22 Apr 4 Things You Should Ask About Rapid Implementation
A trend we’re expecting to see more of at CS Week is the branding and promotion of quick implementation methodology. Accelerated implementations are attractive because they save both vendors and utilities money.
At AAC, we encourage innovation in implementation methodology. We fully support any partner that takes a thoughtful, responsible approach to implementation projects.
Our advice to utilities is to listen; be willing to hear multiple ideas about implementation. Just ask the right questions and make an informed decision.
Here are four to start with:
Does this solution and process meet my compliance needs?
Every utility’s regulatory environment is different. Whether you’re reporting to a county council, a board of directors, shareholders, or the PUC, compliance with regulations is a priority. We have yet to see a software that could meet all compliance requirements out-of-the-box. So investigate and determine if the software being offered in the solution meets your utility’s needs.

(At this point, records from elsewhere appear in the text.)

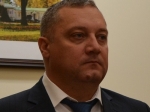 В Петровском районе женщину осудили за хранение 2655 пачек контрафактных сигарет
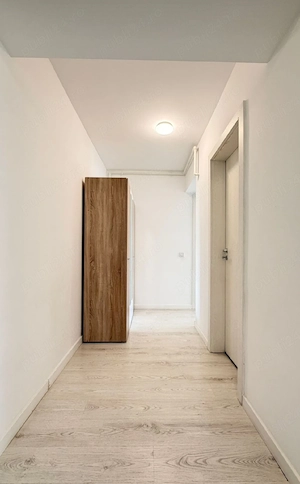 Apartament 2 camere decomandat zona Tomis nord - Vivo Mall Constanta  - imagine 4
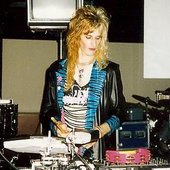 Scott Archer of Pharoah
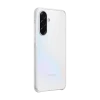 Чехол Samsung Clear Case для Galaxy A36, Прозрачный Чехол Samsung Clear Case для Galaxy A36, Прозрачный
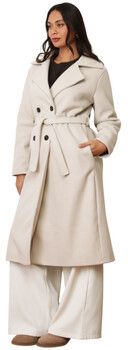 Kabáty La Modeuse  77000_P182509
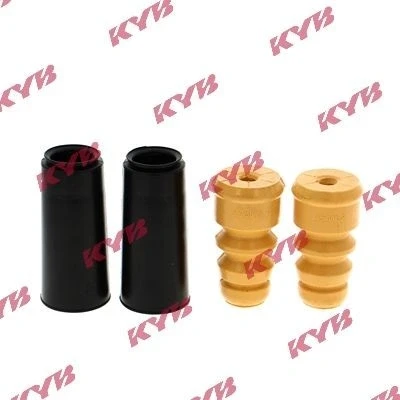 Kuva KYB 910228 Iskunvaimentimen Suojakumi Taka akseli Protection Kit VOLKSWAGEN: Passat B5 Variant, GP Sedan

How much IT staff will I need to commit to this solution? and for how long?
Many utilities have right-sized IT departments. Their technology professionals are tasked with daily maintenance and security of the existing environment. CIS projects require dedicated resources from the business and IT. When you evaluate the rapid-implementation solution, ask how many IT persons you’ll need to support the project and the product. Ask how long those people will need to be dedicated.
With some approaches, a solution provider could envision several iterations deploying over a period of time. That means the first version your users experience is not the one they’ll use for the duration. Your IT staff will need to support future deployments.

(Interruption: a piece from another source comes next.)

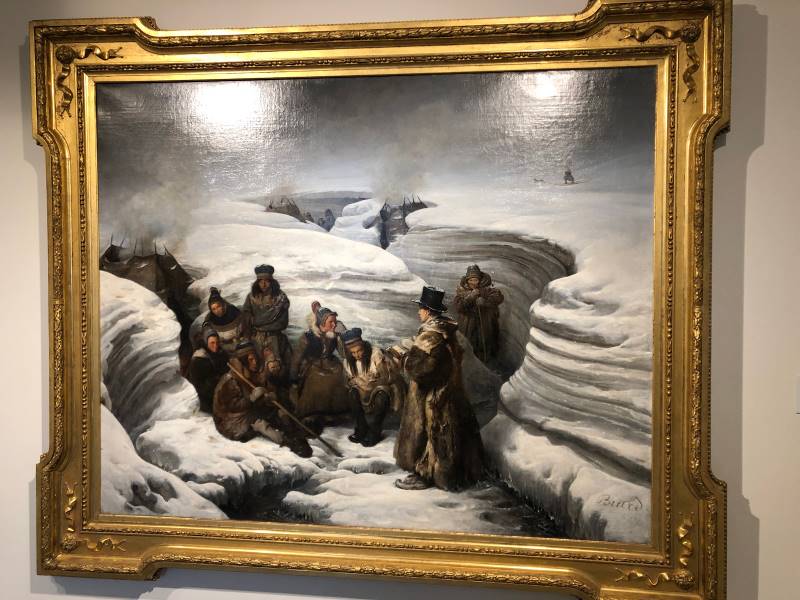 Tromso_Northern_Norwegian_Art_Museum_8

Can we prepare our users, our company, our suppliers, and our customers in this short period of time?
Software deployment in a utility requires a rather complex change management strategy. Asking the vendor what their change management approach is can help you determine if your project team will be able to ready the organization for rapid-implementation. In many cases, swift change is painful and can cause disruption that brings additional scrutiny to the utility. What is your utility’s current public relations condition? Can it afford the scrutiny that comes with accelerated change? How can we prepare internal and external users for change?
What kind of solution is the rapid-implementation suggesting?
If you think of rapid implementation in two general ways, it may help you to get your mind around the offerings.
The first may be to copy the solution most recently deployed. So wherever this software was last implemented, that’s the version the vendor will bring to your utility. The good news is that the solution is the latest (and probably greatest) version of the product. The bad news is that the last utility to adopt it may be nothing like yours. The regulatory environment, the rate structure, even the service level your utility provides might all contrast dramatically with the last utility. What does this mean to you? Possibly more work.
A second approach may be to maintain a permanent version of the software that can be slightly altered for rapid-implementation. In this case, the version is a gold standard from which the integrator will strip the irrelevant pieces before installing. So if the gold standard has water metering and your utility doesn’t need that functionality, it’s removed. The assumption is that the gold standard has all of the functionality needed to generally operate best practices in a utility environment.
Every utility is different and the needs vary greatly from business to business. AAC suggests our clients first look inside before seeking a solution. Complete a comprehensive assessment of your current conditions, discuss future needs, evaluate available resources, and determine your capacity for change.